A campaign mailer used a photo of Warren Buffett with an inappropriate racial slogan which Mr. Buffett has since condemned.
Warren Buffet Says He Disavows Racial Wording in Campaign Mailer
Finance heavyweight and billionaire Warren Buffett has said that he had nothing to do with an “anti-Native American” with a campaign mailer from a group related to Gov. Pete Ricketts, the Omaha World-Herald reported.
Mr. Buffett found himself caught in the email exchange after the mailer had decided to use a photo of him, with the caption “It’s just a big loser for everyone,” and cautioning that a proposed project to “build” Indian casinos would be detrimental to the state as they [the tribes] would try to “avoid paying tax”.
While the email sent ripples quickly, Mr. Buffett, known for his business and financial nous, was quick to disavow it and argue back on Tuesday that while his personal position remained unchanged – i.e. he is still against the expansion of gambling in Nebraska – he found the email inappropriate and a “dog whistle” pulling on the strings of racial prejudice.
He assured that he would never have approved his photo to be associated with the slogan used in the email. The email was sent by Keep the Good Life Inc, which is a new organization fighting a trio of Initiatives, to name 429, 430, and 431, which all seek to allow Native American tribes to expand their sources of revenue at tribal-controlled racetracks.
Gov. Ricketts Supports the ‘Good Life’
Gov. Ricketts himself donated $250,000 to the group, according to the Omaha World-Herald.

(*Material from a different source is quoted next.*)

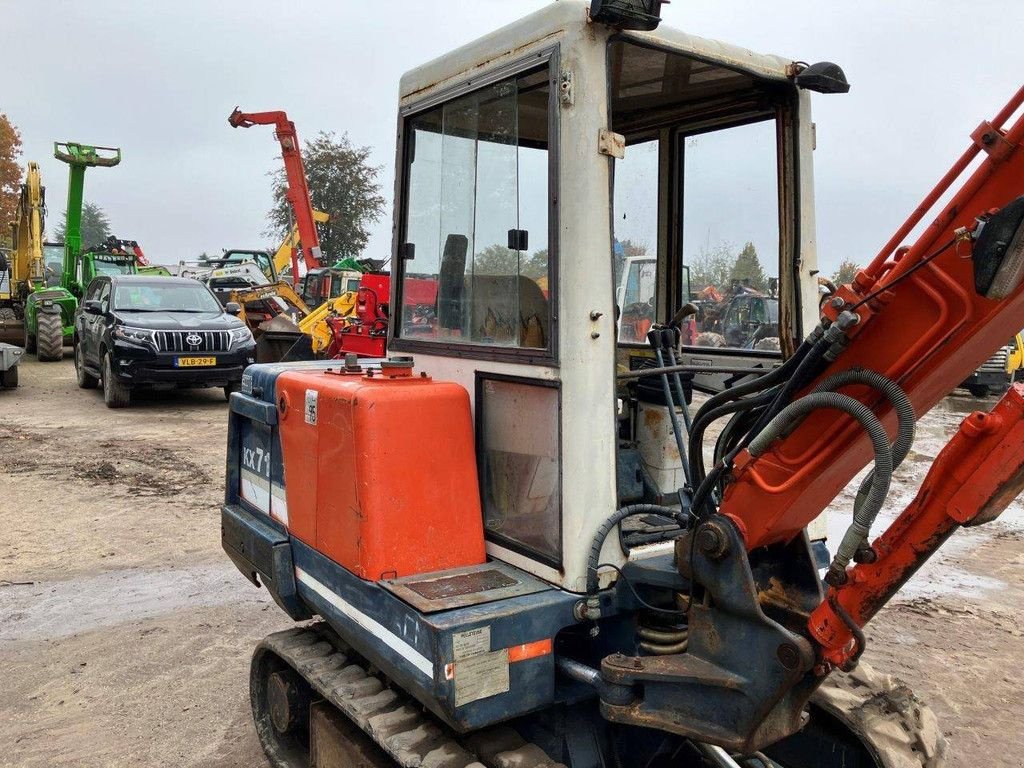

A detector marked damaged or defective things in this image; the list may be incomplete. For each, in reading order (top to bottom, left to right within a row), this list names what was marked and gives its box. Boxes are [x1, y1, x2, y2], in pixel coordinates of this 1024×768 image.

orange paint chipped [505, 638, 552, 663]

He himself has used stereotypes as “Indian casinos” and “Indian gambling interests” in the past to describe the potential development of Native American gaming sites.
Thankfully, though the ball is in the voters’ field, which means that they can still pass Initiative 429 successfully on the ballot and enact Constitutional reform to allow gambling at horse tracks.
As per Initiative 430, the state would be able to establish a controlling commission to be in charge for the oversight and regulation, and Initiative 432 will manage casino tax as well as divvy up the proceeds between public funds.
Winnebago Tribe of Nebraska has not been sitting idly by while the governor has ramped up his campaign against the legalization of gambling at race tracks. In fact, the tribe’s economic development offshoot – Ho-Chunk Inc. – has so far spent $4.3 million to help the signature-gathering campaign forge ahead.
Ho-Chunk CEO Lance Morgan commented on the mailer and column describing them both as tasteless and turning “Indians” in what he described as “the bad guys.” The governor’s office struck back against the criticism, arguing that the term was perfectly valid and even used in press.
Tribes Seek Their Own Interest Says Another Organization
Gambling with the Good Life Executive Director Pat Loontjer said that after seeing the amount spent by Ho-Chunk Inc., she was convinced that the tribe’s true motives had to do with “opening tribal casinos,” rather than boosting revenue at horse tracks by enabling casino-style gaming.
Gambling with Good Life has been actively raising funds, including a donation from Gov. Ricketts who allocated $100,000 to the organization. In the meantime, Keep the Good Life has raised $1.9 million in total.
Mr. Morgan did explain that the tribes would not gain exclusivity over anything related to gambling even if the initiatives were passed.
He seems to be right as per federal law passed in 1988, the tribes would still have to negotiate compacts with the state and come to terms with lawmakers before they can provide casino-style games as well as earmark casino revenues to state initiatives.